But all the people can’t be all right all of the time.
I think Abraham Lincoln said that.
“I’ll let you be in my dream if I can be in yours.”
I said that.

Which of course is saying not just my dream, but my vision, my view of reality…  You can tell how important I think that phrase is because it is has been on the home page of this site for quite a few years now.

Such comments develop a similar theme – which come down to the fact that you can put your ideas across with artistic licence if you want to, and if you want to share that vision with me, that’s great.  And in the end that is what poets and artists do.

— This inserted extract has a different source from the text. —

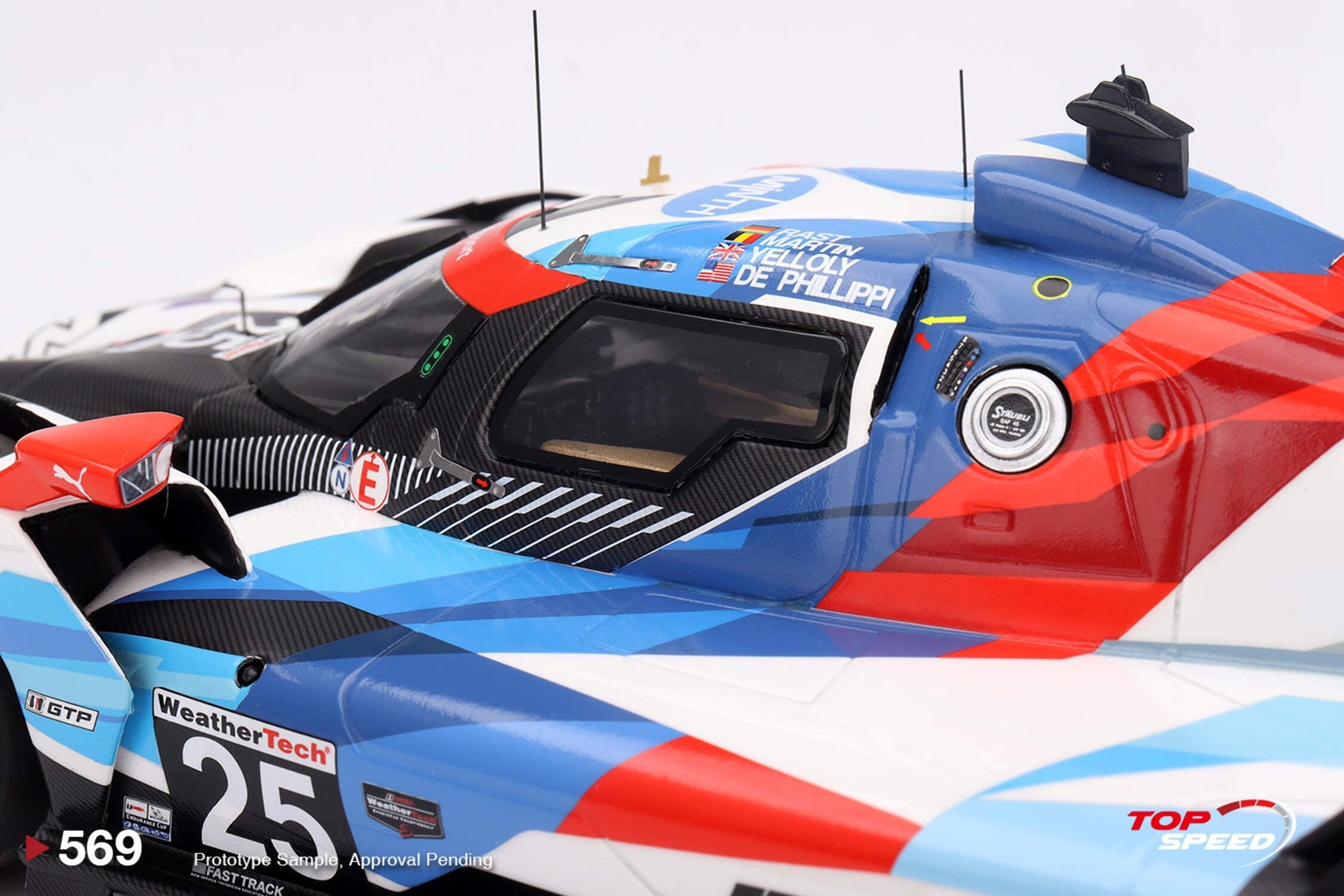 BMW M Hybrid V8 GTP #25 "BMW M Team RLL" "24 Hours of Daytona" (2024) 1/18 Model Car by Top Speed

Eventually it was ruled in 1985 that Carter had not received a fair trial and Carter was released.  In 1988 the prosecution said they would not seek another trial and the case came to an end.    But the arguments went on, with those against the version portrayed in Hurricane saying there is no mention of the boxer’s criminal past and a reputation for a violent temper continued their arguments.   But then this is art – art doesn’t have to be accurate.  If you write a love poem you mention the beauty, not the clicky knee.  If you write a defence, you emphasize everything in the defendant’s favour.  To move away from all this would move us away from all poetry, and all art.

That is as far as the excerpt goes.